One of the potato towers.
On Sunday the Hubby and I worked together to get both yards edged, mowed and blown. He also had some downed palm fronds that needed to be cut off the trees, cut down to size and stuffed into the trash cans. Once we were done with the yard maintenance we were able to turn our attention, once again, to the winterizing of the coop/run. A substantial chance of rain is forecasted for our area the middle of this week and our coop & run are still not ready. Facia board was on the docket this day. Which meant The Handsome Hubs measured and cut and I wielded the paint brush. No matter how hard I try, I always manage to get paint on my hands when I’m painting. I also manage to get it on my feet, face, clothing, the ground, yep, I’m nothing if not thorough.
We started this project rather late in the afternoon and since it was Sunday I put a cap on our hours of labor, I wanted to end the day at dinner time so after dinner we could take turns in the shower and just relax as a family before starting our busy work week. Luckily I had my wits about me earlier in the day and had thrown the ingredients for beef stew in the crockpot, set it to 6 hours on high and went back to work. There was NO WAY I or any one else was going to have it in them to make a nice Sunday dinner. Yay for the crockpot! I foresee the use of it on many a Sunday. At 6pm we started clean up and evening animal chores. By 7 we were all done and sat down to a delicious family supper. By 10 we were all showered and wiped out.

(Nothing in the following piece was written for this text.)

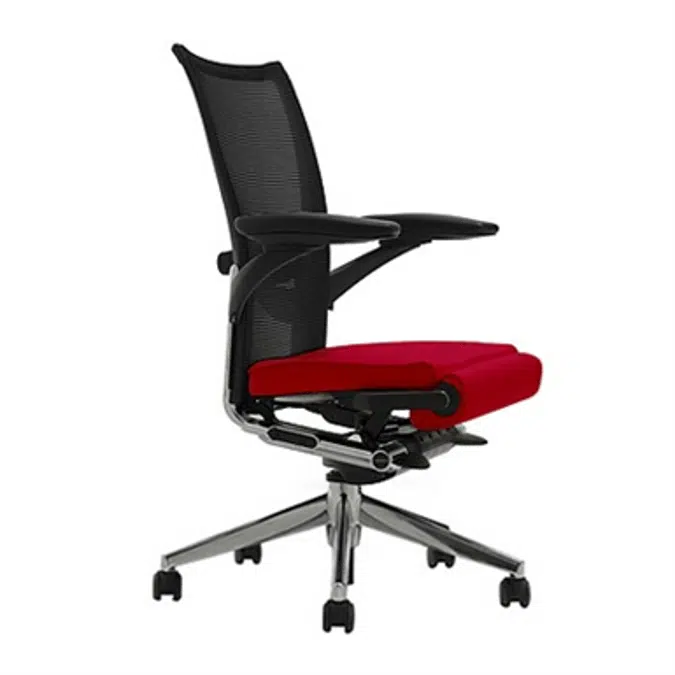 Bim Objects - Free Download! X99 Task Chairs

This has been one of the busiest weekends at home and yet I have come away more relaxed than many other weekends. Battle wounds, oh yeah. Let’s see, alfalfa is a rather stiff hay that taught me I should always were gloves and long sleeves when handling, I was stabbed in the hand and scraped on the wrists and arms. I have also learned to keep my finger clear from between boards when using power tools. Relax, I only managed to pinch the skin of my index finger between two boards when drilling holes in the top one. This resulted in a lovely, and tender, blood blister. But after a kiss from the Hubby and a bit of ice I was good as new.